> _Task goal_
Nothing but the lines from the one with "Tu Veux Ou Tu" through the end of the data should be set down, each exactly as written, and no picture should be included.

> _Provided records_
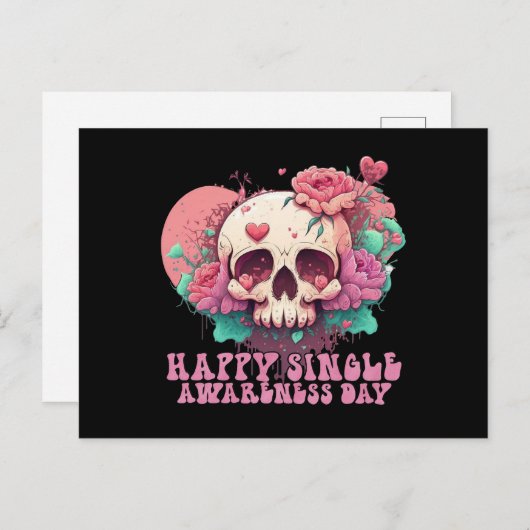 Happy Single Awareness Day Valentines Skull Postkarte (Vorne/Hinten)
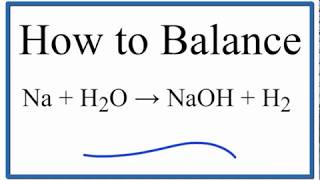 How to Balance Na  H2O  NaOH  H2 Sodium plus Water [upl. by Kcirrem]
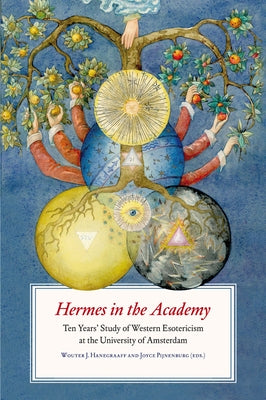 Hermes in the Academy: Ten Years' Study of Western Esotericism at the University of Amsterdam by Hanegraaff, Wouter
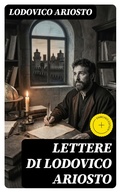 Cover: Lettere di Lodovico Ariosto - DigiCat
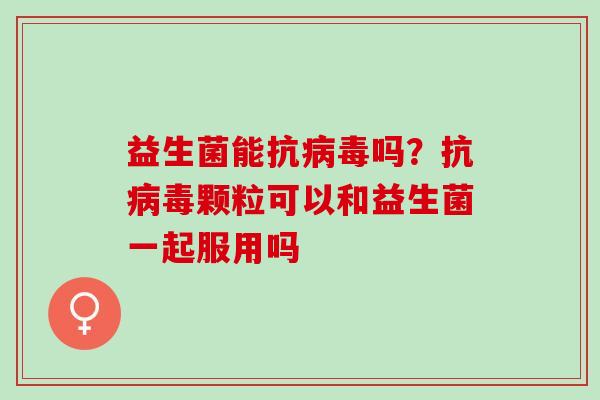 益生菌能抗病毒吗？抗病毒颗粒可以和益生菌一起服用吗
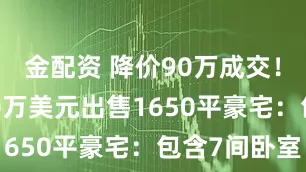金配资 降价90万成交！库里2910万美元出售1650平豪宅：包含7间卧室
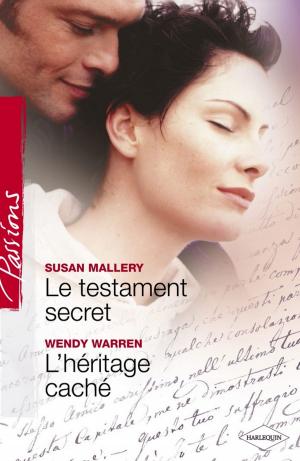 Cover of the book Le testament secret - L'héritage caché (Harlequin Passions) by Sandra Marton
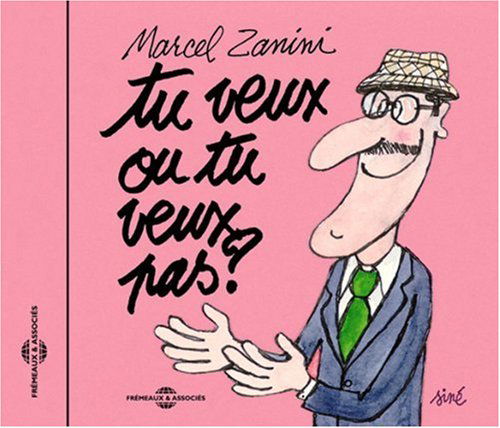 Tu Veux Ou Tu Veux Pas - Marcel Zanini - Música - FREMAUX - 3448960249423 - 11 de março de 2008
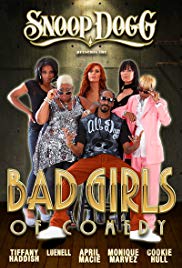Snoop Dogg Presents: The Bad Girls of Comedy (2012) M4uHD Free Movie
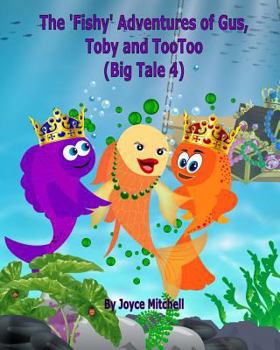 Paperback The 'Fishy' Adventures of Gus, Toby and TooToo: Big Tale 4 (ADVENTURE & EDUCATION CHILDREN'S BOOK SERIES AGES 6-11) Book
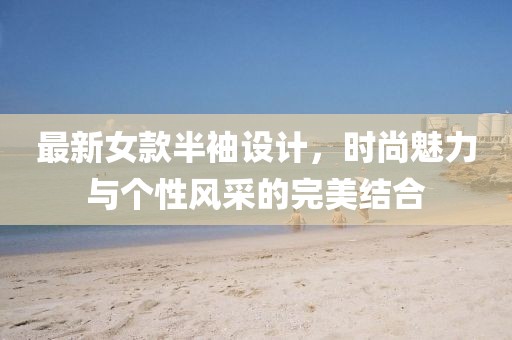 最新女款半袖设计，时尚魅力与个性风采的完美结合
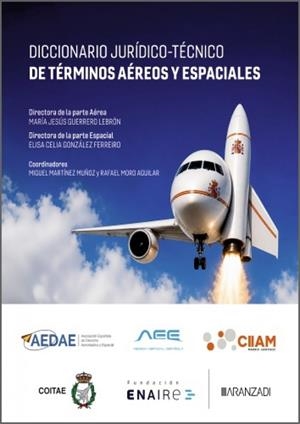 DICCIONARIO JURIDICO-TECNICO DE TERMINOS AEREOS Y ESPACIALES | 9788410858213 | GUERRERO LEBRON, M.ª JESUS / GONZALEZ, ELISA CELIA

> _Answer to the problem_
 Tu Veux Ou Tu Veux Pas - Marcel Zanini - Música - FREMAUX - 3448960249423 - 11 de março de 2008
Snoop Dogg Presents: The Bad Girls of Comedy (2012) M4uHD Free Movie
 Paperback The 'Fishy' Adventures of Gus, Toby and TooToo: Big Tale 4 (ADVENTURE & EDUCATION CHILDREN'S BOOK SERIES AGES 6-11) Book
 最新女款半袖设计，时尚魅力与个性风采的完美结合
 DICCIONARIO JURIDICO-TECNICO DE TERMINOS AEREOS Y ESPACIALES | 9788410858213 | GUERRERO LEBRON, M.ª JESUS / GONZALEZ, ELISA CELIA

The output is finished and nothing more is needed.